The other thing, when you just want to talk about all the rain, whether it’s a hurricane or just rain storms or even snow storms on land, as the atmosphere warms, it holds more moisture as water vapor, and as it moves on — over the ocean. As it moves on land and cools down, it makes these heavier rains that we’re seeing more and more of, and even heavier snowfalls during the winter. And so, this increase in severe flooding is not just along the coast from hurricanes, but it’s also from storms where the atmosphere has moved from the ocean, water-laden, onto through the land and is creating these intense precipitation events that are causing many of the floods we’ve seen in the last few years. These are increasing.

All these are realities. Everything I’ve said is a reality of global warming, because we have put more carbon dioxide and other greenhouse gases into the atmosphere. You were just talking about the importance of methane, too, another powerful greenhouse gas. So, these things are increasing everything, from a warming atmosphere to a warming ocean to a melting of ice to increasing precipitation over land. And —

NERMEEN SHAIKH: And given that, how much has development along these coastal areas changed to make buildings more secure and able to withstand the effects of these increasing number of extreme weather events?

AMY GOODMAN: And should there be so much development?

HAROLD WANLESS: Well, you could ask, “Should there be so many people?” I guess, along with that. But, you know, there are four times the number of people as when I was born in 1942 on Earth? That’s amazing.

And we’re expanding out into places. Most of our new development on barrier islands is places that we felt were too low or too vulnerable or too narrow. And now if people want to live there, that’s what’s left. And there’s so many examples where you look at it, and you say, “That looks very risky.” But we’re doing it. And we do it with houses, and then suddenly they turn into high-rise condominiums that are also extremely vulnerable. And as sea level rises, and the shore wants to retreat landward, those are going to be left out in the ocean. And that will happen soon. You know, within the next few decades, we’re really going to see that.

Orrin Pilkey at Duke says, for every foot of sea level rise on a coast like the Gulf or the Atlantic, we should have 1,000 to 2,000 feet of landward retreat up the coast, as the ocean and available beach sand reequilibrate. And, you know, we’ve just had this rise of sea level, and we’re now trying to equilibrate with that. But we’re having more rise in the future because of accelerating ice melt.
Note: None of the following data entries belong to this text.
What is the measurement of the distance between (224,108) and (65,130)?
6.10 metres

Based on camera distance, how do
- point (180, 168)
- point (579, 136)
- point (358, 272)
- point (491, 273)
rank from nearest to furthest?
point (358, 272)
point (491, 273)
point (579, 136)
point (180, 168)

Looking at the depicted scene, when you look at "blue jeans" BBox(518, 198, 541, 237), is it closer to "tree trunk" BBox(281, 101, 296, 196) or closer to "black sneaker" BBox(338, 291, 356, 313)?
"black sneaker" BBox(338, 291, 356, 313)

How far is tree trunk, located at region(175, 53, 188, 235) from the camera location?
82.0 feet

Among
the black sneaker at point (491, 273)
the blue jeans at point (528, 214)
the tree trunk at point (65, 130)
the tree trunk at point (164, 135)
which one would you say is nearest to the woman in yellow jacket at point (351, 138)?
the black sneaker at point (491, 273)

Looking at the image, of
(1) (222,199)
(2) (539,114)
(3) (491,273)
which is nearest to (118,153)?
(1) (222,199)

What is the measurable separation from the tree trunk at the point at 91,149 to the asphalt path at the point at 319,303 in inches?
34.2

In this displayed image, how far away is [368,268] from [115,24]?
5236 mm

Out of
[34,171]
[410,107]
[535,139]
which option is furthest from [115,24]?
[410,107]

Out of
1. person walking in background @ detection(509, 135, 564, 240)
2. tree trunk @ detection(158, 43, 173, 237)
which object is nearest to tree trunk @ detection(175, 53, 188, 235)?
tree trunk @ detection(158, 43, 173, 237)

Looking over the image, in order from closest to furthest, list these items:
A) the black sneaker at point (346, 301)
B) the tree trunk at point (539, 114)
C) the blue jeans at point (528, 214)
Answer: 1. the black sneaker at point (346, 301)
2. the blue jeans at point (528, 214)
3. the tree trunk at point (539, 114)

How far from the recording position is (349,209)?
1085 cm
AMY GOODMAN: Dr. Harold Wanless, we want to thank you for being with us, professor in geography and urban sustainability at the University of Miami. Seán Kinane, this is what you do every day at WMNF in Tampa, bringing out this kind of information. Your final comments as you live and broadcast from the station right now in the midst of the storm?

SEÁN KINANE: Yeah. So, Amy, what I would say to Dr. Wanless’s point about the barrier islands and how dangerous it is for people to be building there and to be living there, just to give an example, the Sanibel Island Causeway, the Sanibel Causeway, was completely wiped away in this storm. We’ve seen pictures of this bridge. This is the only road from the mainland to Sanibel Island and Captiva Island. It’s been wiped away. So, how do you get rescue supplies to these people? How do people evacuate if they didn’t evacuate already? And, you know, this is just a very powerful storm, and we really don’t know what to expect next, as cleanup crews are just now going out to look at things.
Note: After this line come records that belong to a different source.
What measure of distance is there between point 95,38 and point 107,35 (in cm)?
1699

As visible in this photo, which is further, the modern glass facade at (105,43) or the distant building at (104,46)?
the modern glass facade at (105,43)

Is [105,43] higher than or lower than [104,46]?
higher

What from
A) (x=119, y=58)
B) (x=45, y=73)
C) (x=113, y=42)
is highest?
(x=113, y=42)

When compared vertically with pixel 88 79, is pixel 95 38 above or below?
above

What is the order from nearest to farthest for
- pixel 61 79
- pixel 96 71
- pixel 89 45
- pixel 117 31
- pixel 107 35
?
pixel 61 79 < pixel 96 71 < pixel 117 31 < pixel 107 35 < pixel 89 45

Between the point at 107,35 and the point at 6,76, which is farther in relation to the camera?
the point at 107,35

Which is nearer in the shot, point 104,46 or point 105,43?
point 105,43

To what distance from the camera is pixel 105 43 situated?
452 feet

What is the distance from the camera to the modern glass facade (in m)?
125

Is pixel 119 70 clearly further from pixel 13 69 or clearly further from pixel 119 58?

And to answer Nermeen’s question from earlier — she was asking when will power be restored to these people. We don’t know, but we did hear from Duke Energy Florida, who said that they have to wait until the wind dies down in order to go out and restore the power to these people. That might be this afternoon in Pinellas County, which is near St. Petersburg, which is what they said. But who knows how long that is in Orlando or in Cocoa Beach or places where the wind is still howling?

AMY GOODMAN: Well, Seán Kinane, we want to thank you for being with us, news and public affairs director at community radio station WMNF in Tampa, Florida.